The smile on Azariah’s face faded away.
“I would not be thankless for the ‘gift that cometh from the Lord,’ nor wanting in faith; yet I sometimes cannot but think that in these days the childless are the happiest, or, I should rather say, the least unhappy.”
“Of course you will be prudent,” said Micah, “and yield to the necessities of the time. Put off the circumcision of the child. There can be no harm in that. And when Hannah has got her strength again, you can come down to my place in the Lebanon, and it can be done quietly, without any one being the wiser.”
Azariah said nothing. He turned away his face, but not before his brother-in-law had seen his eyes fill with tears. After leaving some loving messages for his sister the young man departed, hoping, [pg 116]though not without some serious doubt, that his advice would be followed.

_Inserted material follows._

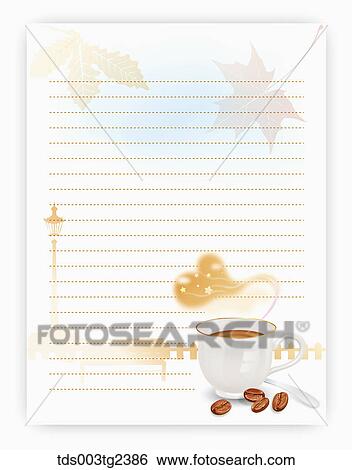 Stock Illustration - illustrated letter pad of autumn scent. Fotosearch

A week after, when the question, he knew, would have been decided one way or the other, he bent his steps again towards his sister’s house. As he walked through the streets he could see that the persecutors were busy at their work. Fires were burning here and there, and copies of the Law and the other holy books were being burned in them. From a house which he recognized as being the dwelling of a scribe of great learning, a party of Greek soldiers burst forth, as he passed, dragging behind them a richly-ornamented scroll of the Psalms. For a moment the wild impulse surged in his heart to rescue the sacred writing from the flames; but he recognized the hopelessness of the attempt; and, indeed, he sadly asked himself, was he fit to be a champion of holy things? A soldier gathered up the parchment in his arms, and tossed it in a heap on the fire. Part of it opened as it fell, and Micah saw for a few moments before the flames reached them, words which he never forgot till his dying day: “Princes have persecuted me without a cause, yet do I not swerve from Thy commandments.” As he stood and looked, with a rage in his heart which he could not express, two more soldiers came out of the house, holding between them the scribe himself, a venerable man, in whom Micah recognized an old friend of his father’s. They threw him down, face foremost, on [pg 117]the fire, and held him there till he was suffocated. But before the tragedy was finished, the young Jew had turned away, feeling in his heart that the question which he had been debating so long was being rapidly settled for him.
The blow that was to clinch his conclusions was not long in falling. As he came near the bottom of the little hill on the top of which stood his sister’s house, he saw a cross, and, bound to it by cords, what seemed to be the figure of a woman, with a dead child hung round her neck. The sun had set, and the light was failing with the rapidity that is characteristic of a southern latitude.